今年のメジャーリーグは、オーナー会議と選手組合の交渉が決裂して開幕ができない可能性があったが、万が一空白期間が長期化した場合は、アメリカの野球専門局では日本プロ野球の中継を検討していたとも伝えられる。
アメリカで開花する日本式野球
アメリカの球界が、日本のプロ野球に関心を寄せているのは、日本人選手の中に将来のメジャーリーガーを発見しようとしているからだけではない。アメリカの一流選手の中でも、契約の切れ目に一時期だけ日本でプレーする選手が多くなっているのだ。数年間、日本で実績を積み、改めてメジャーで活躍するというケースも多い。今年の場合は、日ハムとソフトバンクで4年活躍したニック・マルティネス投手がサンディエゴ・パドレスに移籍して先発ローテーション入りしている。最近の他の例では、マイルズ・マイコラス投手が、巨人に3年在籍の後、カージナルスのエースになっている。
少し以前になると、阪神タイガースに1年在籍したセシル・フィルダー選手がアメリカに復帰後、同じタイガース(デトロイト)で2年連続本塁打王になった例が有名だ。単にメジャー契約に失敗したので日本で下積みを経験したというよりも、日本で緻密な野球を経験し、身体能力を鍛えたことが復帰後の飛躍につながったようだ。
緻密な野球を日本で学んだということでは、日本球界を経験したメジャー監督の場合も当てはまりそうだ。例えば、フィラデルフィア・フィリーズで黄金時代を築いたチャーリー・マニエル監督は、現役時代にヤクルトや近鉄で日本の野球を経験している。また、1986年にメッツをワールドシリーズ制覇に導くなど多くのチームの監督を経験し、チームUSAの五輪代表監督も務めたデービー・ジョンソン氏も巨人でプレーした経験がある。
元来素質のある人材が、日本野球の練習法や細かい作戦に触れることで、アメリカに戻ってからも活躍するというのは、非常に興味深い現象だ。
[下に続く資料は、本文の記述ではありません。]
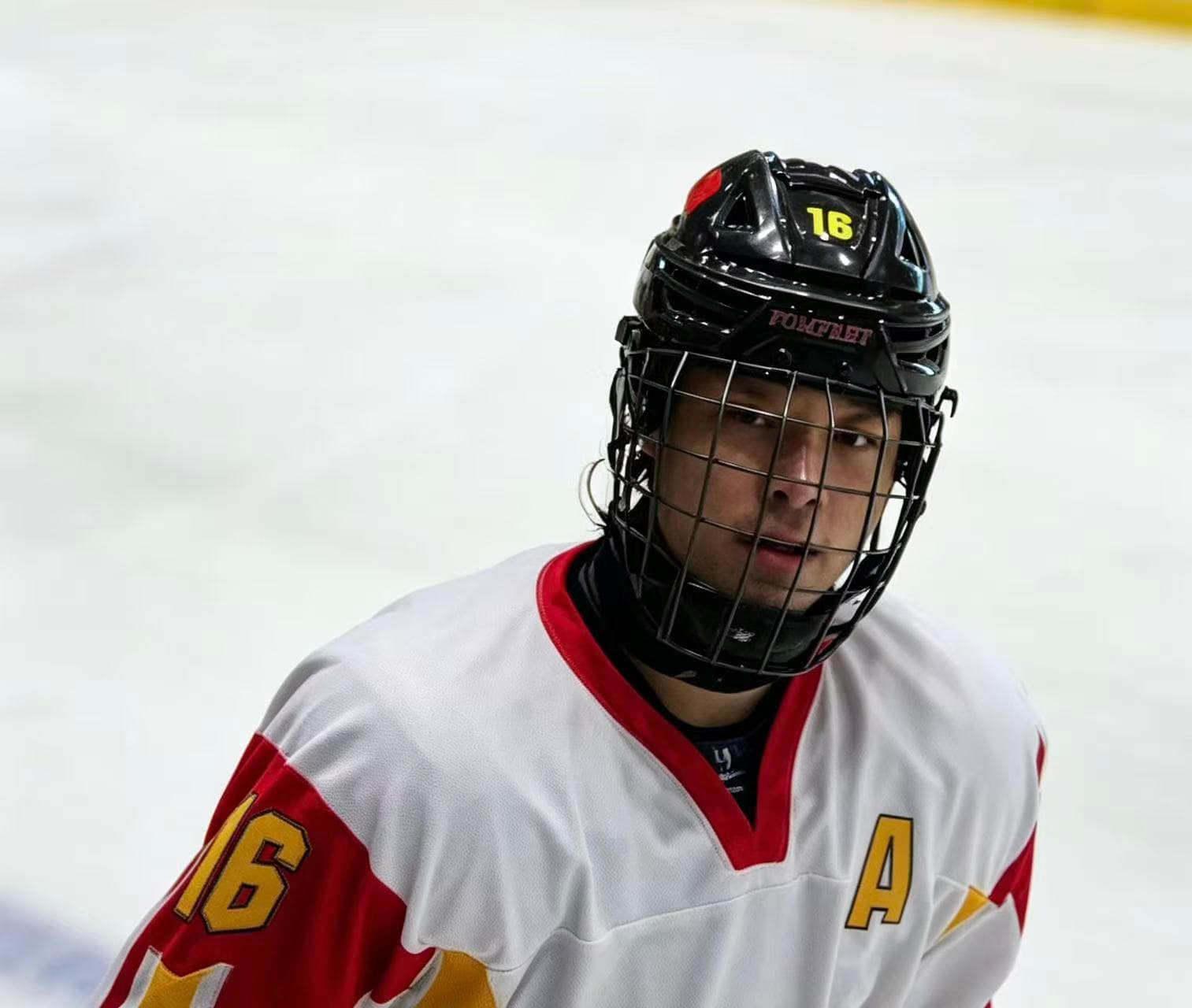 Frank on the ice in a white hockey jersey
反対に、アメリカ人監督で日本で成功したトレイ・ヒルマン(日ハムで日本一)、ボビー・バレンタイン(千葉ロッテで日本一)などの場合は、後に日本式の監督スタイルをアメリカに持ち込んでいるが、あまり成功しなかった。日本の緻密な現場経験はアメリカでも生かすことができるが、日本式の指導法やマネジメントはアメリカでは通用しないということかもしれない。
コロナ禍が収束し、日米の行き来が自由になれば、日本から大谷選手の活躍を見るツアーは必ず組まれるだろう。同時にZOZOマリンスタジアムで佐々木投手の試合を観戦するアメリカのファンも増えるのは間違いない。